No me parecía necesario tener la sensibilidad aguzada y la sabiduría de un buen analista político para descubrir en el aire el golpe que se gestaba, tanto es así que en Chile me “tropecé” con el golpe en las esquinas de las calles, en junio de 1973. En una de las reuniones que tuve con los técnicos del Ministerio, por ejemplo, había un policía infiltrado que hasta me hizo preguntas provocativas. Luego de los trabajos, uno de los educadores me comunicó el hecho entre sorprendido e irritado. Hablé con el coordinador, que me respondió que eso no tendría ninguna consecuencia. Aun cuando lo que los educadores y las educadoras conversaban conmigo era de público conocimiento, la presencia del policía significaba más que lo que él pudiese hacer con nuestro diálogo. Su presencia revelaba el desequilibrio entre el poder y el gobierno. Al fin y al cabo, aquélla era una reunión oficial, patrocinada por el gobierno, convocada por el Ministerio de Educación, y aun así los órganos de represión tenían el poder de infiltrarse y vigilarla.
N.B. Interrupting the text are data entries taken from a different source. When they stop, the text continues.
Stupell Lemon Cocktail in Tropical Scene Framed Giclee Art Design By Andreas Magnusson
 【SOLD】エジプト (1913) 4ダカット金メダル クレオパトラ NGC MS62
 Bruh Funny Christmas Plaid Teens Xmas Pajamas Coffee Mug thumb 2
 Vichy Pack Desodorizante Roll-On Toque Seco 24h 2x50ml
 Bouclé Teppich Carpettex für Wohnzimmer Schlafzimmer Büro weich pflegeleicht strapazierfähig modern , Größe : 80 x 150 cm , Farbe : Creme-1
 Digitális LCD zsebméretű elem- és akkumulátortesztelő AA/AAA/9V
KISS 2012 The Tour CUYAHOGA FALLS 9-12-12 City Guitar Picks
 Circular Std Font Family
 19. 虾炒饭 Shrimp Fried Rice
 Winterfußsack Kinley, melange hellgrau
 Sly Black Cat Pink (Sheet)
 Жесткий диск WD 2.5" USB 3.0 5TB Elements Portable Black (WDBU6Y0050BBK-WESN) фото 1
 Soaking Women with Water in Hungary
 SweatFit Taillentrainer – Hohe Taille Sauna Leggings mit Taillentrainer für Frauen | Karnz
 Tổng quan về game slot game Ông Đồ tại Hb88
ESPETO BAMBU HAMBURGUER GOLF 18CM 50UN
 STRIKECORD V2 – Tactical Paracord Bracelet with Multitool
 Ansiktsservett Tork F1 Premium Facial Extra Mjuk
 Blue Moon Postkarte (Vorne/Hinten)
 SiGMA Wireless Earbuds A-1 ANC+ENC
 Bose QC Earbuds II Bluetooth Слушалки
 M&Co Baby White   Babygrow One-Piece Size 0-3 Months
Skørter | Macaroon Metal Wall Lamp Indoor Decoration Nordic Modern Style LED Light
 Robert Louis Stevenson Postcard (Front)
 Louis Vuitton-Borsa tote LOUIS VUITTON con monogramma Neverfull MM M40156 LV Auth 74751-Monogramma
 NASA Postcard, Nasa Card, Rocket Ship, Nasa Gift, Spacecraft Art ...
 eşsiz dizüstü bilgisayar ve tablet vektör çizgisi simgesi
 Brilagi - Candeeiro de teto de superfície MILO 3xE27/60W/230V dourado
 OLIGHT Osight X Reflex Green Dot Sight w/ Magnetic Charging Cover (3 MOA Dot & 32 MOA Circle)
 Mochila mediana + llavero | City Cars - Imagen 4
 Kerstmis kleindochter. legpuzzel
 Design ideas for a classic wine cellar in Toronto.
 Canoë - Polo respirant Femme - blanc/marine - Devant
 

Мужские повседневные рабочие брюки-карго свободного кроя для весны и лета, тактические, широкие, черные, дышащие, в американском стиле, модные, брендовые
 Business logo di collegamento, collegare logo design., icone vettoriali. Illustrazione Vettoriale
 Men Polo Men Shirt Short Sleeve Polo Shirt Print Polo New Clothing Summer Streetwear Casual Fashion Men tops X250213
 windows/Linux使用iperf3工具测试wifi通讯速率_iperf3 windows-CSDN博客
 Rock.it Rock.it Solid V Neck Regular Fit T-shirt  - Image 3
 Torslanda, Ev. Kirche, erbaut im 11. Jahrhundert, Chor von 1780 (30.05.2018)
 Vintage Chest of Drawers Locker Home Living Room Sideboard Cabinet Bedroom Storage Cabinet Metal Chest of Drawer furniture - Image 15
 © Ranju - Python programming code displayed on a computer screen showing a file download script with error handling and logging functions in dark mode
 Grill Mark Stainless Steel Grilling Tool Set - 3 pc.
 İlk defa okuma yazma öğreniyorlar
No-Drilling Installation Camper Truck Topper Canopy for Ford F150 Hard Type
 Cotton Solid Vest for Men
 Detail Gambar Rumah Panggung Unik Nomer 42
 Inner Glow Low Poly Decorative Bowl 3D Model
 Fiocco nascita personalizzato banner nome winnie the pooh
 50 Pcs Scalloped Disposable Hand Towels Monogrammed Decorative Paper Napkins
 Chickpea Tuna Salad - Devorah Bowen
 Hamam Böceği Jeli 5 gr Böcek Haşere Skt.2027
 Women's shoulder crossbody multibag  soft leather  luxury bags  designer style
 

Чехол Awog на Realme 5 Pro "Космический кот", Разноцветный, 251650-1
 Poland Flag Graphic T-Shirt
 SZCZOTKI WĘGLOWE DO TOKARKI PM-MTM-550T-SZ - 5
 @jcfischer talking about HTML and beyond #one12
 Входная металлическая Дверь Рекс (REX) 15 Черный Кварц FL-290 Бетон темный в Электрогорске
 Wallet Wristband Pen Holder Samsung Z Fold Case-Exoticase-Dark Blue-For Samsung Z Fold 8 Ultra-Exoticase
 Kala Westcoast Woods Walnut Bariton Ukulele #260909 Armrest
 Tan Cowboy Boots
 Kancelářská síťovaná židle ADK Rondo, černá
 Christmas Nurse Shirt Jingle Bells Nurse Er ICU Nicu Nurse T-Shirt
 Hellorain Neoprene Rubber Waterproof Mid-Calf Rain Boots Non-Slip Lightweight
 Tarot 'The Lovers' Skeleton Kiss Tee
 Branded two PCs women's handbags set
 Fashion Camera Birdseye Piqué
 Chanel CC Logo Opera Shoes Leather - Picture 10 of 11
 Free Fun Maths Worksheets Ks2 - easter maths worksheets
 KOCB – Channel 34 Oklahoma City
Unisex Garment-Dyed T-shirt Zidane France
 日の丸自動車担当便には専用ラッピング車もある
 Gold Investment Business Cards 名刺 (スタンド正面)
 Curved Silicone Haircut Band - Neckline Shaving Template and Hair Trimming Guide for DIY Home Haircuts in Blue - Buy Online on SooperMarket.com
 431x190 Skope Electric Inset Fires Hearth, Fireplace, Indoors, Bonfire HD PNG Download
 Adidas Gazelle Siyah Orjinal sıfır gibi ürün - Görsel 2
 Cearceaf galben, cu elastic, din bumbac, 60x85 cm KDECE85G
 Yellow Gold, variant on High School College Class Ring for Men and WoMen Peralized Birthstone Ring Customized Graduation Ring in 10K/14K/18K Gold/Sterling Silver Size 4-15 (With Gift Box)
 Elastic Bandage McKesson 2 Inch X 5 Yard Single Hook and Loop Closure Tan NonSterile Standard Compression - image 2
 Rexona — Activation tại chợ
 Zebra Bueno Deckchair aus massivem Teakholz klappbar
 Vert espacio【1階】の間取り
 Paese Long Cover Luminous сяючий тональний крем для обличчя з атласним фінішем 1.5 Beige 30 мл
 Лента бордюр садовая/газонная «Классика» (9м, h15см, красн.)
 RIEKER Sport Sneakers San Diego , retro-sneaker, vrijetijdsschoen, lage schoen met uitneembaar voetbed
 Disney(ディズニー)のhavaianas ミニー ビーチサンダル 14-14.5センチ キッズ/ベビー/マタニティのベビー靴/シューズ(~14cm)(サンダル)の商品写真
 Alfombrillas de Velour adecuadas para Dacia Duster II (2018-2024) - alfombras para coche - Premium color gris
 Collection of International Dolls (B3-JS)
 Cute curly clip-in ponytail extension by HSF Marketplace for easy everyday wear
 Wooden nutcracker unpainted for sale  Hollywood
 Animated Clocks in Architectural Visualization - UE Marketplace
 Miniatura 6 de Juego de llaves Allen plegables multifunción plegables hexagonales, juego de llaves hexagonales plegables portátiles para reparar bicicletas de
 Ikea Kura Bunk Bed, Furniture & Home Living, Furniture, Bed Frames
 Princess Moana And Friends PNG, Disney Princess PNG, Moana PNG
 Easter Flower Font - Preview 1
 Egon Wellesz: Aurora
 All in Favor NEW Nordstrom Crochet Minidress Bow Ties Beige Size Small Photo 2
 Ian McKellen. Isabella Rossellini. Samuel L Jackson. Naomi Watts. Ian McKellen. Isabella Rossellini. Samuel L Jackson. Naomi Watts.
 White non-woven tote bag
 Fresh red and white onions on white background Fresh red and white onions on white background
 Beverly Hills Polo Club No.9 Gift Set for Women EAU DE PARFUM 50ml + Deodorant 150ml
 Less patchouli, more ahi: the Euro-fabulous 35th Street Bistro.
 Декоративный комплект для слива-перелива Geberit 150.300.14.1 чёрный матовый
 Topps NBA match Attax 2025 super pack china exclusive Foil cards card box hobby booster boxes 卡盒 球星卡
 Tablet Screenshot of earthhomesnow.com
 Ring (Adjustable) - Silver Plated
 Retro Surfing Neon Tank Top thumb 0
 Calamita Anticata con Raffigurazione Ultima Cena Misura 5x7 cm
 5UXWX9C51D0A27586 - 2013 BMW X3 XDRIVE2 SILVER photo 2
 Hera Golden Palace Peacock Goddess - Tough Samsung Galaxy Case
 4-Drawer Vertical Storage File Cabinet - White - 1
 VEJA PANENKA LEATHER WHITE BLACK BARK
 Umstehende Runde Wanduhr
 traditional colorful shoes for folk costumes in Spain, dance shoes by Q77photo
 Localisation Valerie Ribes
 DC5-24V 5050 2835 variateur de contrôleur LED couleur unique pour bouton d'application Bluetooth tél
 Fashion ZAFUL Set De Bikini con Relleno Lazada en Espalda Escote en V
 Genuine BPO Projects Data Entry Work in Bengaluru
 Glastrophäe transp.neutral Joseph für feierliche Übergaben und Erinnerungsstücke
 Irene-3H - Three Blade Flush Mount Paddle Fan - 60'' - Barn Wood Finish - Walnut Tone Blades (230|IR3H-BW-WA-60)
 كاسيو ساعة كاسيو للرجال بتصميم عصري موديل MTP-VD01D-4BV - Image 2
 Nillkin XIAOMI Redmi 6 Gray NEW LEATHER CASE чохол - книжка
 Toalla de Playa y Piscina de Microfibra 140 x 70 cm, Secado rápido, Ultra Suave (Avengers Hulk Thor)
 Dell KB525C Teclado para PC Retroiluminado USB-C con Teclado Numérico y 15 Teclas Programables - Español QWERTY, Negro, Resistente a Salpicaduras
Era como si –y en realidad era así-las fuerzas reaccionarias que comandaban el país hubiesen permitido el regreso de Perón por una razón táctica pero ejerciesen una rigurosa vigilancia sobre su gobierno.
Creo que no faltaría a la verdad si dijese, ahora que el tiempo ha pasado, que en ninguna de aquellas reuniones de trabajo en las que participé, incluyendo las que tuve con militantes políticos, no hubo nadie que concordase conmigo en ninguna de mis observaciones. A veces decían, en el mejor estilo de los chilenos en el comienzo del gobierno de la democracia cristiana, que yo aún presentaba secuelas de los traumas causados por el golpe brasileño de 1964.
Cuanto más avanzaban en sus programas, respondiendo a la curiosidad popular y estimulándola, ya se tratase de programas desarrollados en las universidades o procesados en las zonas populares, tanto más se aprontaban y preparaban el desenlace final, atentas, las fuerzas del golpe. En mis conversaciones expresé mi seria preocupación por la propia supervivencia de por lo menos parte de ellos. De aquellos y de aquellas cuya participación política fuese o estuviese siendo más visible, cuya práctica estuviese notoriamente más ligada a las clases populares o a aquellos y aquellas de quienes el servicio represivo estuviese creando un perfil con trazos más cargados. Lamentablemente mis advertencias tenían una razón de ser.
El golpe vino luego de la muerte de Perón, violento, malvado, y algunos de los amigos que no creían válidos mis análisis tuvieron que dejar el país a toda prisa y a escondidas mientras que otros, desgraciadamente, desaparecieron para siempre.
A ellos y a ellas, y a todos los que en América Latina, en América Central, en el Caribe y en África, cayeron en la pelea justa, presento mi homenaje respetuoso y amoroso en esta Pedagogía de la esperanza en la que revivo la Pedagogía del oprimido.